To Know Him
- Jared Jenkins
- Nov 16, 2019
- 2 min read

"My goal is to know him and the power of his resurrection and the fellowship of his sufferings, being conformed to his death" (Phil. 3:10)
There is no greater joy. No greater gain. No greater goal. For just as Paul has said, I "count everything as loss because of the surpassing worth of knowing Christ Jesus my Lord" (Phil. 3:8).
How radical does this sound? Everything as loss. Yet that is the brilliance of Paul's thinking and the wonder of knowing Christ. The apostle does not negate the worth of relationships, or prestige, or reason. However, He speaks to the reality that Christ is far more precious than all these things.
Christ, because of who He is and what He has done, is of infinitely more worth than anything else we can gain either in heaven or on earth. Anything else can fall by the wayside of the mind and, in the ultimate sense, be counted as nothing. The worth attributed to the things that we possess- money, power, relationships, etc.- is ultimately found in their ability to help us gain more knowledge of Christ.

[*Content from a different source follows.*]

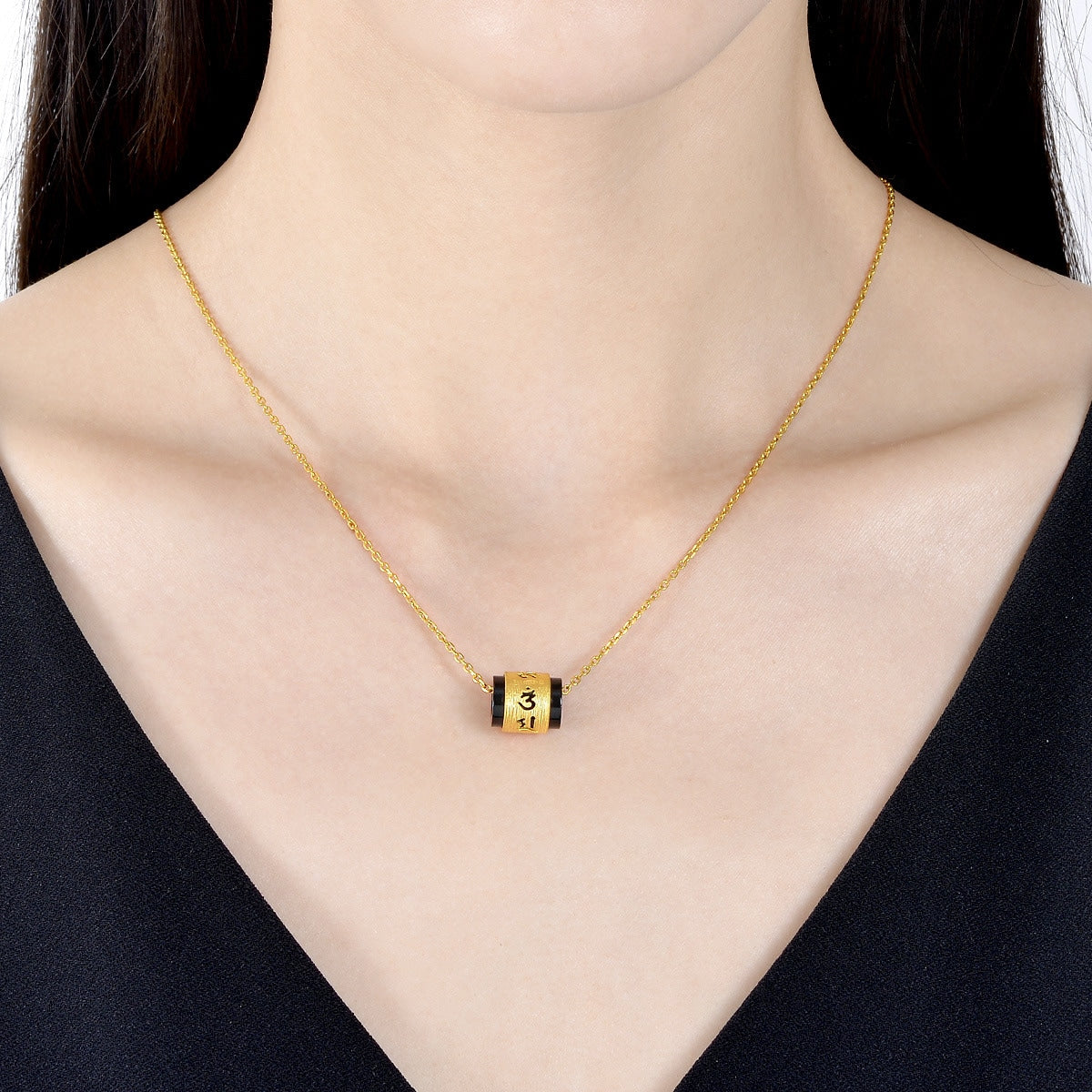 Om Mani Padme Hum' 999.9 Gold Pendant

I was asked within the last couple of weeks, "Jared, if God is so great and incomprehensible, why do we study Him in theology?" A fair question, if you might ask.
"Well," I responded ", you know people. And you can have a relationship with one person your entire life and still not know everything about them. Yet you pursue that knowledge of them so that you can know them deeper and better. This is the same with God. We cannot know everything about Him (and infinitely so) for He is incomprehensible. Yet we pursue knowledge of Him so that we can know Him deeper and better." And He permits this pursuit because, in fact, He initiated it.
Here is the beauty of theology, that we can grow in our understanding and knowledge of our Savior. To open God's Word and let the truths that are written on our hearts and mind, then to share those truths to those around us in exhortation and encouragement. To let the men and women of present and of old preach and expose truths into our lives, so that we may grow in the knowledge and likeness not ultimately of them, but of Christ.
There is not greater joy than to know Christ.